*Question we address*: How to develop physics-informed reinforcement learning algorithms that guarantee safety and interpretability ?

It is widely known that policies trained using reinforcement learning (RL) to solve simulated robotics problems (MuJoCo)
are

*extremely brittle and unstable*, i.e. your solution will most likely break down after perturbing a bit (e.g. poking the robot)
or transferring it to a similar task. It is often impossible to provide any

*safety guarantees* for constraint
satisfaction or an interpretation of how the trained policies work.

##### To address this issues we created State Planning Policy Reinforcement Learning.

##### Challenges in Theory

There are many opportunities for work on *theoretical foundations* of the developing SPP approach.
This area is yet unexplored, we present below the most promising research directions aiming at important
theorems.

Work towards theorems providing convergence guarantees of the *Bellman iterates* for our variant of the Q-function
that involves an inverse dynamics control model.

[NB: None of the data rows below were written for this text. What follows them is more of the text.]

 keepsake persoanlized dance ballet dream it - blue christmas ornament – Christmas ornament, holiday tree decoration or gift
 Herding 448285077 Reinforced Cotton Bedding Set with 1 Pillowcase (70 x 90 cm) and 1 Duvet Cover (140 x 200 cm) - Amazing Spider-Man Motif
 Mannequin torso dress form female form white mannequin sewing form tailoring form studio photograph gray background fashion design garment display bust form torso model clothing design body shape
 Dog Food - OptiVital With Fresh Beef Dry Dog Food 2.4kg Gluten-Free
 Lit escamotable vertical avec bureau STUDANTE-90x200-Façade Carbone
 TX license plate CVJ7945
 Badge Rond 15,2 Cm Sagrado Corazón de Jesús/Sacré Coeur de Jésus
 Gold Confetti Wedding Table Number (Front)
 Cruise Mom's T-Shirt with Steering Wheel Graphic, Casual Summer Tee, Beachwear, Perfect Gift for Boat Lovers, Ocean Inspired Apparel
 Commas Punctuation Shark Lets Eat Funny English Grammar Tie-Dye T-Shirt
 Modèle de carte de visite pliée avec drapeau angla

Establish link between *State Planning Policies* and *Hamilton-Jacobi-Bellman* optimization in order to compute
safety guaranteeing policies;

*Formal Verification* -- we can attempt a formal verification of trained policies, i.e. extract from the neural network
rules and mathematically verify that
the policy will satisfy the safety constrains within some fixed time horizon;

\[
Q^{\pi, CM}(s_t, a_t) = \mathbb{E}_{r_{i\ge t},s_{i>t}\sim E,\ z_{i>t}\sim \pi,\ a_i = CM(s_i,z_i)}{\left[R_t|s_t,a_t\right]};
\]

\[
0 = \min\left\{l(x)-V(x,t), \frac{\partial V}{\partial t}+\max_{u\in\mathcal{U}}{\nabla_x{V^Tf(x,u)}}\right\}.
\]